Why Your Git Workflow Deserves Better Tooling

Git is powerful, but its raw command-line interface can be verbose and unforgiving. A growing ecosystem of open source CLI tools has emerged to wrap, extend, and enhance Git — making code review, history navigation, and branch management significantly faster. Here are the tools worth adding to your setup.

gh — GitHub's Official CLI

Repository: github/cli

The gh CLI brings almost all of GitHub's web interface into your terminal. With it you can:

  • Create and review pull requests: gh pr create, gh pr review
  • Manage issues: gh issue list, gh issue create
  • Clone any repo quickly: gh repo clone owner/repo
  • Run GitHub Actions and view workflow logs

It's particularly valuable when you're contributing to many projects and need to context-switch rapidly without leaving the terminal.

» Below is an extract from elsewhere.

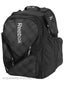 Reebok 10K Wheeled Hockey Gear Backpacks 26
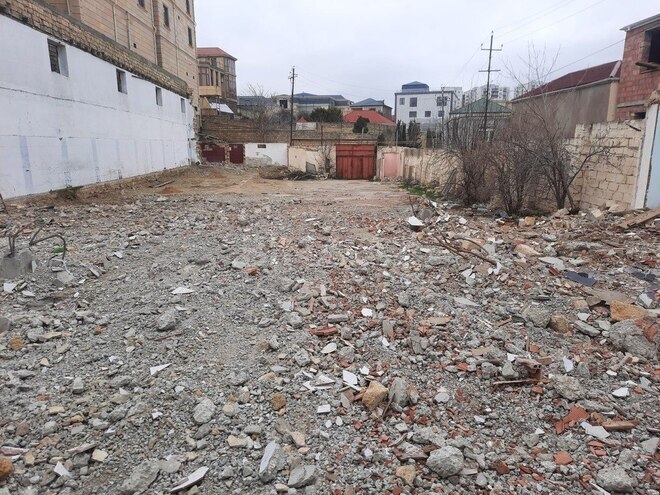 Продаётся  участок 10 сот, пос. Бадамдар, photo 3 from 10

lazygit — Terminal UI for Git

Repository: jesseduffield/lazygit

Lazygit provides a clean, keyboard-driven terminal user interface (TUI) for Git. It visualizes your staging area, branch history, and file diffs side by side. Key strengths include:

  • Interactive rebasing made visual and intuitive
  • One-keystroke staging of individual lines or hunks
  • Branch visualization that makes complex histories readable

If you've ever dreaded interactive rebases, lazygit makes them approachable.

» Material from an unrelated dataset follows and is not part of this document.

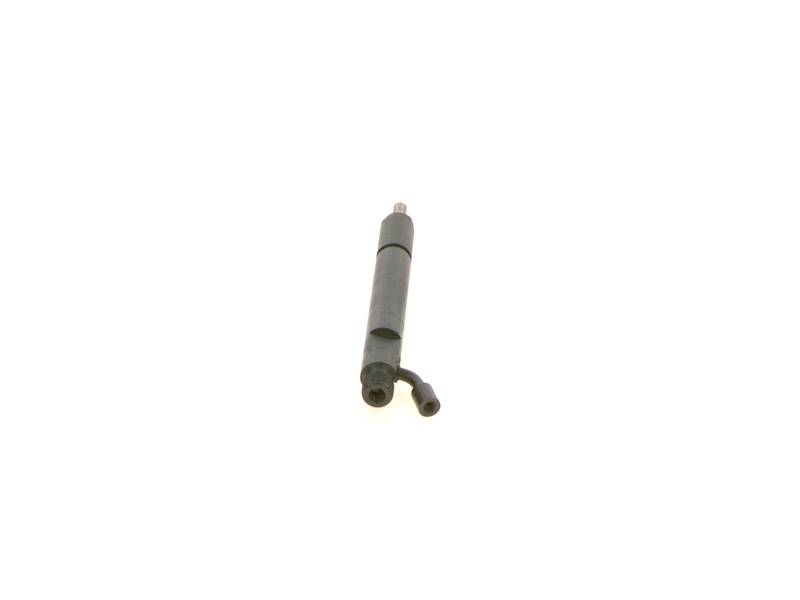 Kombinacja obsad dyszy Bosch 0432191738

delta — A Syntax-Highlighting Diff Viewer

Repository: dandavison/delta

Delta replaces the default Git diff output with syntax-highlighted, side-by-side diffs. Configure it as your Git pager in ~/.gitconfig:

[core]
    pager = delta
[delta]
    side-by-side = true
    line-numbers = true

The difference in readability — especially for large diffs — is immediately noticeable.

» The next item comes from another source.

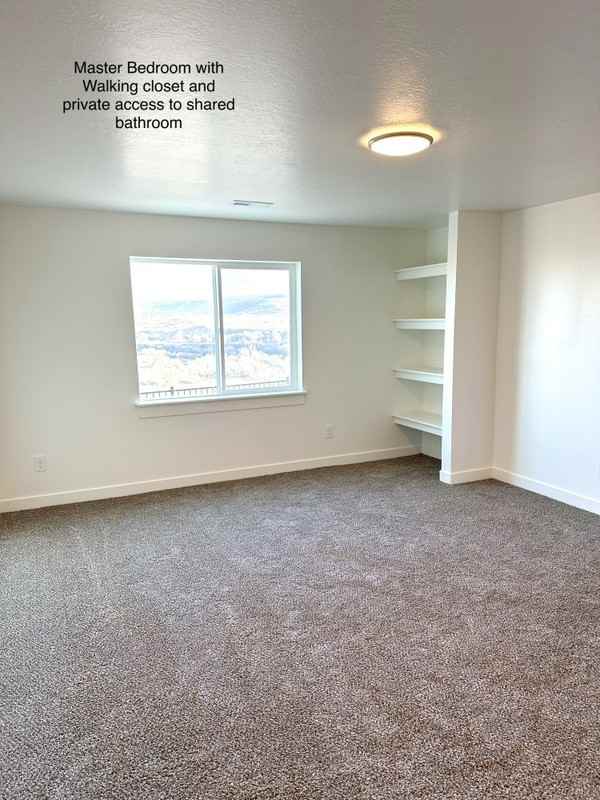 16113 S Railcar Ln - Photo 6 of 15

git-absorb — Automatic Fixup Commits

Repository: tummychow/git-absorb

When you make small fixes to a feature branch that's already been reviewed, git absorb automatically figures out which existing commit your staged changes belong to and creates a fixup commit for it. Combine with git rebase --autosquash to keep your history clean with minimal effort.

tig — Text-mode Interface for Git

Repository: jonas/tig

Tig is a lightweight TUI for browsing Git history, blame views, and tree navigation. It's faster to launch than a full GUI and works over SSH, making it excellent for inspecting repositories on remote servers.

Comparison Table

Tool Primary Use Learning Curve
gh GitHub PR/issue management Low
lazygit Full Git TUI Medium
delta Better diffs Very Low
git-absorb Fixup commits Low
tig History browsing Low

Getting Started

You don't need to adopt all of these at once. A good starting point is delta (zero workflow change, instant payoff) followed by gh if you work on GitHub. Add lazygit when you're ready to invest a little time learning a TUI that will pay dividends for years.

All of these tools are actively maintained open source projects — contributions welcome.